The 1960’s Fifty Shades Of Grey?

Valley Of The Dolls 50th

A post or two back I referred to Renee Rosen’s novels as ‘guilty pleasures’, though was quick to point out that her books are far from fluff. Rather, for me, at least, they’ve been pleasant diversions from a steady diet of gangsters, gumshoes and gun molls.

For a real guilty pleasure – that is, a book you devour but feel legitimately guilty about — Jacqueline Susann’s 1966 Valley Of The Dolls is like a mid-sixties Fifty Shades Of Grey…similarly notorious, and notoriously popular in its time. Sprawling (to the point of rambling), sexy, melodramatic yet often awkwardly written, the book’s a compelling page-turner nonetheless. A legitimate publishing phenomena, Valley Of The Dolls was the biggest selling book in publishing history at the time of the author’s death in 1974 and has gone on to sell over 31 million copies to date. For any contemporary writer tracking single digit weekly orders for their Amazon Kindle and Create Space books, or praying that their small press’ 5,000 unit trade paperback press run will sell out someday, 31 million books is almost too much to grasp.

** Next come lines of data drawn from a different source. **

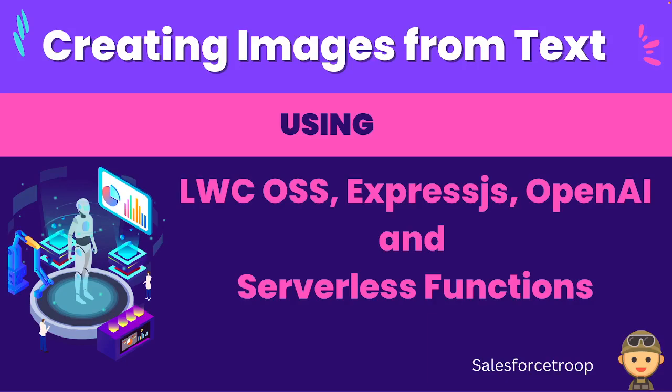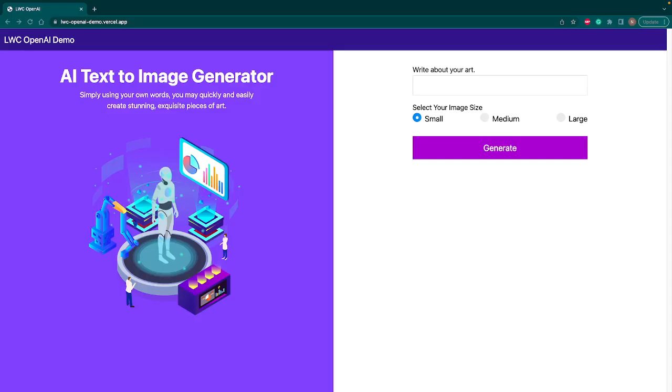This Express.js API is within our serverless functions. So let's look at the demo now. This is our app where you will write some text, you will select the size of the image you want to generate and hit the generate button.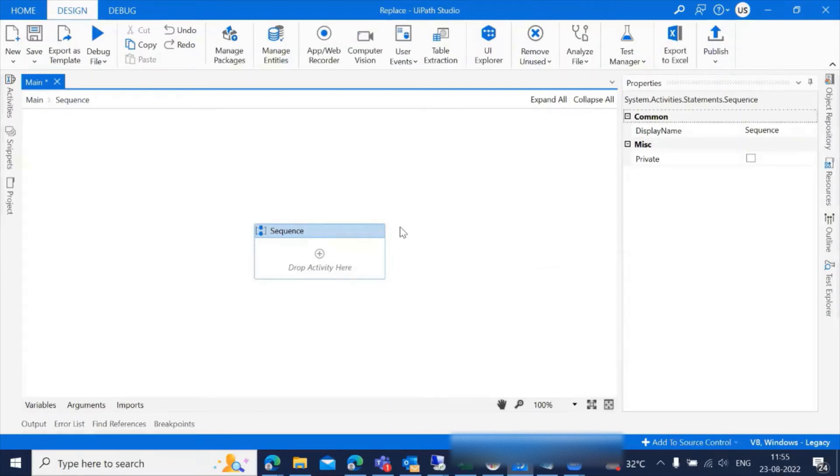Hello everyone, welcome to Automate with UiPath. Today in this tutorial, I'm going to explain the most important function, replace, in string manipulation in UiPath.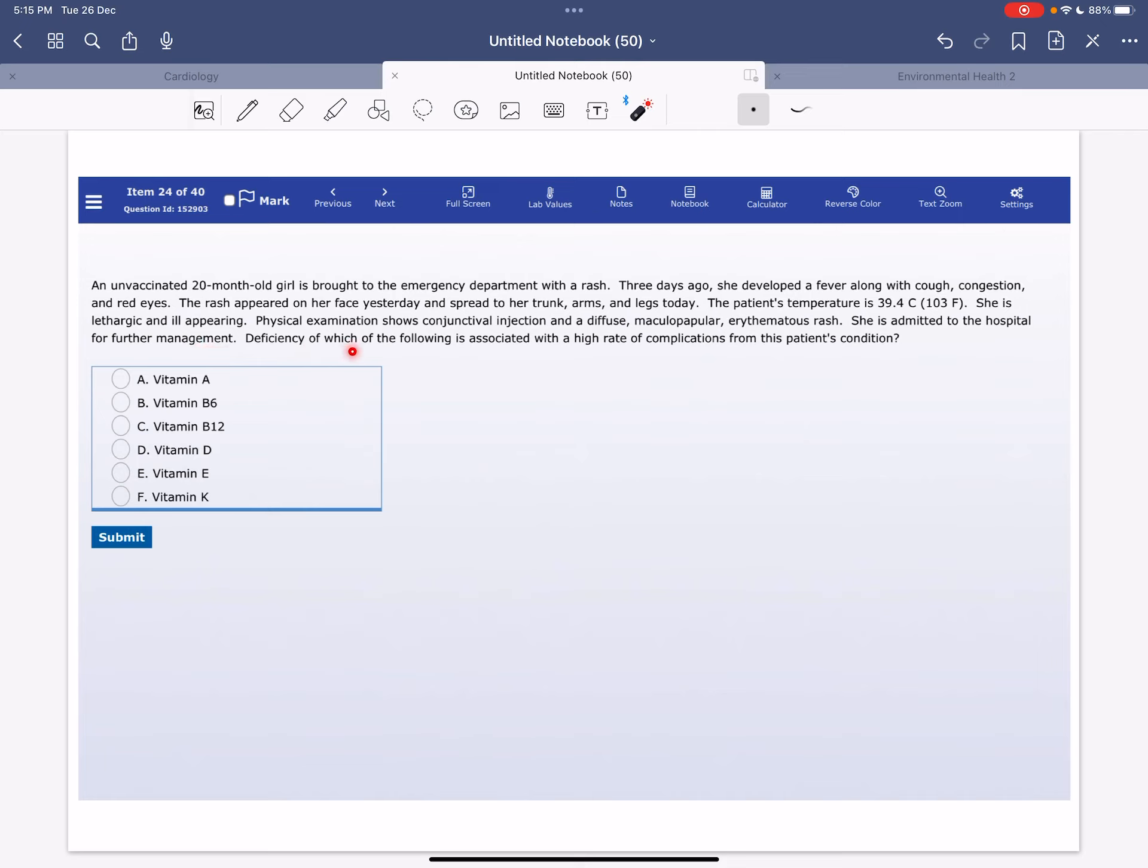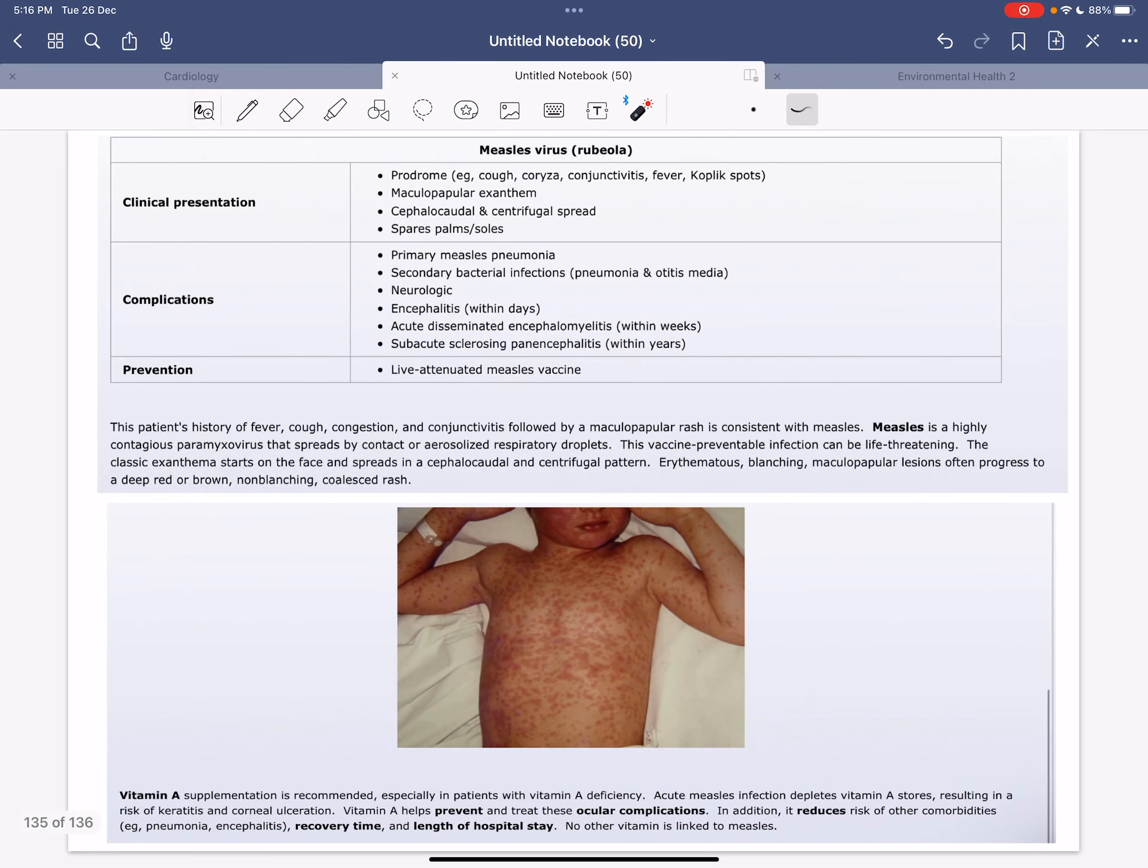Deficiency of which of the following is associated with a high rate of complications from this patient's condition? The correct answer here is vitamin A, because vitamin A can be beneficial in the treatment of measles infection by reducing comorbidities.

Segueing from Renee Rosen’s 2019 Park Avenue Summer to Susann’s Valley Of The Dolls was a natural, and I did just that. In Rosen’s novel, an Ohio ingenue and aspiring commercial photographer arrives in mid-sixties New York and promptly becomes iconic editor Helen Gurley Brown’s secretary right at the moment the magazine is about to be relaunched as the controversial girl-power monthly it quickly became. The novel’s heroine gets that plum gig via a referral from a family friend who’s an editor at the Dolls’ real-life publisher, Bernard Geis Associates.

Valley of the Dolls

Valley Of The Dolls the 1967 20thCentury Fox film starring Patty Duke, Sharon Tate, Susan Hayward and Barbara Parkins frequently pops up on both broadcast and cable TV channels, but if you’ve only seen the movie and never read the book, I encourage you to give the novel a try. The movie’s pure mid-sixties kitsch, but understandably had to sidestep or soften the novel’s more tawdry and saucy content. In fact, it’s said that original screenwriter Harlan Ellison insisted his name be removed from the credits due to the less downbeat ‘Hollywood’ ending reshot at the studio insistence.

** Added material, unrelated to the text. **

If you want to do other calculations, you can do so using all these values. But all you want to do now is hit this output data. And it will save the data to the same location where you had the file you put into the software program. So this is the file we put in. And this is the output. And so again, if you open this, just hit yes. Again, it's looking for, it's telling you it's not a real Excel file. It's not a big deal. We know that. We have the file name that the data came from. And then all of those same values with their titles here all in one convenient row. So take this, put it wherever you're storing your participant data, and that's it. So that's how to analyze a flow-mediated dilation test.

Even if you haven’t seen the film or read the book, it’s enough of a pop culture touchstone that most people have some vague idea of what it’s about. Three New York friends in the entertainment business experience various highs and lows in their careers and love lives, succumbing to ‘Dolls’ (barbituates, and specifically, Seconals) along the way…enough to institutionalize one for addiction (Patty Duke in the movie) and be the weapon of choice for another’s suicide (Sharon Tate in the movie). But the novel’s very different from the film, most notably in its more sprawling 20 year time span from 1945 to 1965. (The film seems to be set almost entirely in the 1960’s.) There are more complex backstories, complications and relationship woes, it being a rambling sort of soap opera. And the sex is notably more explicit. Keep in mind that in 1966, sleaze publishers like Midwood and others were still pumping out ‘sexy’ paperback originals to be sold exclusively ‘under the counter’ at most stores. Frank dialog about menstruation, abortion or contraception was pretty rare. Explicit sex scenes (well, relatively so) in a mainstream novel? Even more scandalous, and here the sex includes vanilla sex, gay sex, lesbian sex, oral sex and more, and in frequent doses. And most importantly, it’s the women, not the men, talking about it, wanting it, trying to avoid it or merrily engaging in it.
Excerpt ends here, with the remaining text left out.